[Entries taken from a collection]
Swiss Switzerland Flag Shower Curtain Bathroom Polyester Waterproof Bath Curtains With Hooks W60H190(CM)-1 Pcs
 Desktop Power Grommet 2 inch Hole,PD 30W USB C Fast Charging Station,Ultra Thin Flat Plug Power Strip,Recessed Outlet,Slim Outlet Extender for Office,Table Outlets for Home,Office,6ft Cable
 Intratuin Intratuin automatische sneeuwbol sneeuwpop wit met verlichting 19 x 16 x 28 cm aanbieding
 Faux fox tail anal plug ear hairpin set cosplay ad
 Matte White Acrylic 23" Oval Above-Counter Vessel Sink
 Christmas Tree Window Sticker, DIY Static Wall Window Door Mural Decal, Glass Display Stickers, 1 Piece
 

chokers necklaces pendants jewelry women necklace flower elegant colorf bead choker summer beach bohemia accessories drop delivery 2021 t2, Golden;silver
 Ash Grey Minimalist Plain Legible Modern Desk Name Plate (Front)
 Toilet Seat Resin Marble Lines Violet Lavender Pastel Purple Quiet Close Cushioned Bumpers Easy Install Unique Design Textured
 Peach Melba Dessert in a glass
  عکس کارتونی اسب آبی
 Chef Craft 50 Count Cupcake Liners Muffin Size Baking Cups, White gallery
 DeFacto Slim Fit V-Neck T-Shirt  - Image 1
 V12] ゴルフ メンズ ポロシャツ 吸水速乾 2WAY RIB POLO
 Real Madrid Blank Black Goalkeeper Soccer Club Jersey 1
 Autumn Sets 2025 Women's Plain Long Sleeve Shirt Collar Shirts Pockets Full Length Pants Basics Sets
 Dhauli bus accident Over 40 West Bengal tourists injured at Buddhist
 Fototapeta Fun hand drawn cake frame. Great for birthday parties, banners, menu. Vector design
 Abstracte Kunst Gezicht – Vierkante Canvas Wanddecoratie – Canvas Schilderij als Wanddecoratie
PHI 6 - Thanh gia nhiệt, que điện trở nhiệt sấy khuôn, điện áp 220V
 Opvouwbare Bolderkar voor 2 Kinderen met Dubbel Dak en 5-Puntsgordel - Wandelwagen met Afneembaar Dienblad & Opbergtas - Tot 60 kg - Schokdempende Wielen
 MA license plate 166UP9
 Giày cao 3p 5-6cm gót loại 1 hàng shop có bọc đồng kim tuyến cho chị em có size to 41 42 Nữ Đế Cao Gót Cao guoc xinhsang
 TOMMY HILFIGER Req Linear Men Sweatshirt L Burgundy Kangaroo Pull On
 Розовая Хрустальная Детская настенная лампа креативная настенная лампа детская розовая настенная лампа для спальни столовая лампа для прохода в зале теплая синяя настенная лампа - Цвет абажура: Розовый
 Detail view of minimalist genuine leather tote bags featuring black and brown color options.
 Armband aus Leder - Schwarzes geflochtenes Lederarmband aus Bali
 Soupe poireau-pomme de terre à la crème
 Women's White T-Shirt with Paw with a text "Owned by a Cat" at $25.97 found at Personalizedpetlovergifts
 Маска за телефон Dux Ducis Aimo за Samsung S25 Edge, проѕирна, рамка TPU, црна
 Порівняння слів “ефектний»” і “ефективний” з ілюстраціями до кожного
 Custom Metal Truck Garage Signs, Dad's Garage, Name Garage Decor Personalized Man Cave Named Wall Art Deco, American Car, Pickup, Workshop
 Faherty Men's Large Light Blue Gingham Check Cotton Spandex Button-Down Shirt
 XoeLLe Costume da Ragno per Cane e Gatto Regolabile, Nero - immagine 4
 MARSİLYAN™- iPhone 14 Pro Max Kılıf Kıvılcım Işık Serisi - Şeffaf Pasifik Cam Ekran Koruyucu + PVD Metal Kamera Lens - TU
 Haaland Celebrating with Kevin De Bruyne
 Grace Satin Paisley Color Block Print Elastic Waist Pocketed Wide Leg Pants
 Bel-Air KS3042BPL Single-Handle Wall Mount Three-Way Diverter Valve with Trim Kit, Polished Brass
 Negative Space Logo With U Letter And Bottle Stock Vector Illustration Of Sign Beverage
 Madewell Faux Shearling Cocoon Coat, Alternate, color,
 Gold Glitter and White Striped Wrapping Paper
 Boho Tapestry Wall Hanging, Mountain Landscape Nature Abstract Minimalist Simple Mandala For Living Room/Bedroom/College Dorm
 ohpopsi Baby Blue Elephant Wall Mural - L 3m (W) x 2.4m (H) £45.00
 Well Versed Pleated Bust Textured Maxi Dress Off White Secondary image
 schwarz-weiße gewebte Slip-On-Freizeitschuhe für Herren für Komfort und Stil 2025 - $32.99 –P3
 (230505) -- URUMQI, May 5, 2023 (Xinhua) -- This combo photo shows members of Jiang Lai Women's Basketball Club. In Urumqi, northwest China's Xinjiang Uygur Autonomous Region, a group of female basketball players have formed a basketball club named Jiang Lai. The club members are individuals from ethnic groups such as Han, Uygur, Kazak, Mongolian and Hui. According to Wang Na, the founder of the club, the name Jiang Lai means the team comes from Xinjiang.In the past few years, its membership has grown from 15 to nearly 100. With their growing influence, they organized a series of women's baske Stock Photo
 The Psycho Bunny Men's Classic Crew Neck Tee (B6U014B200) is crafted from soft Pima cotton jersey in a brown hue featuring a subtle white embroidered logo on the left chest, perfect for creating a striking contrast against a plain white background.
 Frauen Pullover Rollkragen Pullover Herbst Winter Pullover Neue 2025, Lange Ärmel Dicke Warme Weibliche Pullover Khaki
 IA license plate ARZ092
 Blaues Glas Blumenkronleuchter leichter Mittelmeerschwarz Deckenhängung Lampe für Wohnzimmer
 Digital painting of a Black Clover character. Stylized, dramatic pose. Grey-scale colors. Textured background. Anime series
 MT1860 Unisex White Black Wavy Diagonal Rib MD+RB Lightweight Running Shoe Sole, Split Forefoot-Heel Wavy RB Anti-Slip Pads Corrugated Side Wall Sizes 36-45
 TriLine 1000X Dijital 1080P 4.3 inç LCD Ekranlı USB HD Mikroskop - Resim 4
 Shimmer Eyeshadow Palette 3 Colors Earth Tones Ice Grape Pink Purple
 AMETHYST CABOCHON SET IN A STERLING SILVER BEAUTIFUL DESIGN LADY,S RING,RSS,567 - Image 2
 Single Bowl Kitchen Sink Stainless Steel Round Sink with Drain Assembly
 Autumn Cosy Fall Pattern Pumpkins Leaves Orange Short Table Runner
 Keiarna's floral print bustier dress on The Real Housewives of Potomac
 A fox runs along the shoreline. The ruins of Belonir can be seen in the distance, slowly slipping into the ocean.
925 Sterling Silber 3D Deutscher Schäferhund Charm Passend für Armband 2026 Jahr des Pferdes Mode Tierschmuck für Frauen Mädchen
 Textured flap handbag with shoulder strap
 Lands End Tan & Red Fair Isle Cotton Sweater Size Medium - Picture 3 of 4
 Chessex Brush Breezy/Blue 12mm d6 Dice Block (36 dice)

→ Task requirements: Output all entries exactly as given above.

→ Exercise output:
Swiss Switzerland Flag Shower Curtain Bathroom Polyester Waterproof Bath Curtains With Hooks W60H190(CM)-1 Pcs
 Desktop Power Grommet 2 inch Hole,PD 30W USB C Fast Charging Station,Ultra Thin Flat Plug Power Strip,Recessed Outlet,Slim Outlet Extender for Office,Table Outlets for Home,Office,6ft Cable
 Intratuin Intratuin automatische sneeuwbol sneeuwpop wit met verlichting 19 x 16 x 28 cm aanbieding
 Faux fox tail anal plug ear hairpin set cosplay ad
 Matte White Acrylic 23" Oval Above-Counter Vessel Sink
 Christmas Tree Window Sticker, DIY Static Wall Window Door Mural Decal, Glass Display Stickers, 1 Piece
 

chokers necklaces pendants jewelry women necklace flower elegant colorf bead choker summer beach bohemia accessories drop delivery 2021 t2, Golden;silver
 Ash Grey Minimalist Plain Legible Modern Desk Name Plate (Front)
 Toilet Seat Resin Marble Lines Violet Lavender Pastel Purple Quiet Close Cushioned Bumpers Easy Install Unique Design Textured
 Peach Melba Dessert in a glass
  عکس کارتونی اسب آبی
 Chef Craft 50 Count Cupcake Liners Muffin Size Baking Cups, White gallery
 DeFacto Slim Fit V-Neck T-Shirt  - Image 1
 V12] ゴルフ メンズ ポロシャツ 吸水速乾 2WAY RIB POLO
 Real Madrid Blank Black Goalkeeper Soccer Club Jersey 1
 Autumn Sets 2025 Women's Plain Long Sleeve Shirt Collar Shirts Pockets Full Length Pants Basics Sets
 Dhauli bus accident Over 40 West Bengal tourists injured at Buddhist
 Fototapeta Fun hand drawn cake frame. Great for birthday parties, banners, menu. Vector design
 Abstracte Kunst Gezicht – Vierkante Canvas Wanddecoratie – Canvas Schilderij als Wanddecoratie
PHI 6 - Thanh gia nhiệt, que điện trở nhiệt sấy khuôn, điện áp 220V
 Opvouwbare Bolderkar voor 2 Kinderen met Dubbel Dak en 5-Puntsgordel - Wandelwagen met Afneembaar Dienblad & Opbergtas - Tot 60 kg - Schokdempende Wielen
 MA license plate 166UP9
 Giày cao 3p 5-6cm gót loại 1 hàng shop có bọc đồng kim tuyến cho chị em có size to 41 42 Nữ Đế Cao Gót Cao guoc xinhsang
 TOMMY HILFIGER Req Linear Men Sweatshirt L Burgundy Kangaroo Pull On
 Розовая Хрустальная Детская настенная лампа креативная настенная лампа детская розовая настенная лампа для спальни столовая лампа для прохода в зале теплая синяя настенная лампа - Цвет абажура: Розовый
 Detail view of minimalist genuine leather tote bags featuring black and brown color options.
 Armband aus Leder - Schwarzes geflochtenes Lederarmband aus Bali
 Soupe poireau-pomme de terre à la crème
 Women's White T-Shirt with Paw with a text "Owned by a Cat" at $25.97 found at Personalizedpetlovergifts
 Маска за телефон Dux Ducis Aimo за Samsung S25 Edge, проѕирна, рамка TPU, црна
 Порівняння слів “ефектний»” і “ефективний” з ілюстраціями до кожного
 Custom Metal Truck Garage Signs, Dad's Garage, Name Garage Decor Personalized Man Cave Named Wall Art Deco, American Car, Pickup, Workshop
 Faherty Men's Large Light Blue Gingham Check Cotton Spandex Button-Down Shirt
 XoeLLe Costume da Ragno per Cane e Gatto Regolabile, Nero - immagine 4
 MARSİLYAN™- iPhone 14 Pro Max Kılıf Kıvılcım Işık Serisi - Şeffaf Pasifik Cam Ekran Koruyucu + PVD Metal Kamera Lens - TU
 Haaland Celebrating with Kevin De Bruyne
 Grace Satin Paisley Color Block Print Elastic Waist Pocketed Wide Leg Pants
 Bel-Air KS3042BPL Single-Handle Wall Mount Three-Way Diverter Valve with Trim Kit, Polished Brass
 Negative Space Logo With U Letter And Bottle Stock Vector Illustration Of Sign Beverage
 Madewell Faux Shearling Cocoon Coat, Alternate, color,
 Gold Glitter and White Striped Wrapping Paper
 Boho Tapestry Wall Hanging, Mountain Landscape Nature Abstract Minimalist Simple Mandala For Living Room/Bedroom/College Dorm
 ohpopsi Baby Blue Elephant Wall Mural - L 3m (W) x 2.4m (H) £45.00
 Well Versed Pleated Bust Textured Maxi Dress Off White Secondary image
 schwarz-weiße gewebte Slip-On-Freizeitschuhe für Herren für Komfort und Stil 2025 - $32.99 –P3
 (230505) -- URUMQI, May 5, 2023 (Xinhua) -- This combo photo shows members of Jiang Lai Women's Basketball Club. In Urumqi, northwest China's Xinjiang Uygur Autonomous Region, a group of female basketball players have formed a basketball club named Jiang Lai. The club members are individuals from ethnic groups such as Han, Uygur, Kazak, Mongolian and Hui. According to Wang Na, the founder of the club, the name Jiang Lai means the team comes from Xinjiang.In the past few years, its membership has grown from 15 to nearly 100. With their growing influence, they organized a series of women's baske Stock Photo
 The Psycho Bunny Men's Classic Crew Neck Tee (B6U014B200) is crafted from soft Pima cotton jersey in a brown hue featuring a subtle white embroidered logo on the left chest, perfect for creating a striking contrast against a plain white background.
 Frauen Pullover Rollkragen Pullover Herbst Winter Pullover Neue 2025, Lange Ärmel Dicke Warme Weibliche Pullover Khaki
 IA license plate ARZ092
 Blaues Glas Blumenkronleuchter leichter Mittelmeerschwarz Deckenhängung Lampe für Wohnzimmer
 Digital painting of a Black Clover character. Stylized, dramatic pose. Grey-scale colors. Textured background. Anime series
 MT1860 Unisex White Black Wavy Diagonal Rib MD+RB Lightweight Running Shoe Sole, Split Forefoot-Heel Wavy RB Anti-Slip Pads Corrugated Side Wall Sizes 36-45
 TriLine 1000X Dijital 1080P 4.3 inç LCD Ekranlı USB HD Mikroskop - Resim 4
 Shimmer Eyeshadow Palette 3 Colors Earth Tones Ice Grape Pink Purple
 AMETHYST CABOCHON SET IN A STERLING SILVER BEAUTIFUL DESIGN LADY,S RING,RSS,567 - Image 2
 Single Bowl Kitchen Sink Stainless Steel Round Sink with Drain Assembly
 Autumn Cosy Fall Pattern Pumpkins Leaves Orange Short Table Runner
 Keiarna's floral print bustier dress on The Real Housewives of Potomac
 A fox runs along the shoreline. The ruins of Belonir can be seen in the distance, slowly slipping into the ocean.
925 Sterling Silber 3D Deutscher Schäferhund Charm Passend für Armband 2026 Jahr des Pferdes Mode Tierschmuck für Frauen Mädchen
 Textured flap handbag with shoulder strap
 Lands End Tan & Red Fair Isle Cotton Sweater Size Medium - Picture 3 of 4
 Chessex Brush Breezy/Blue 12mm d6 Dice Block (36 dice)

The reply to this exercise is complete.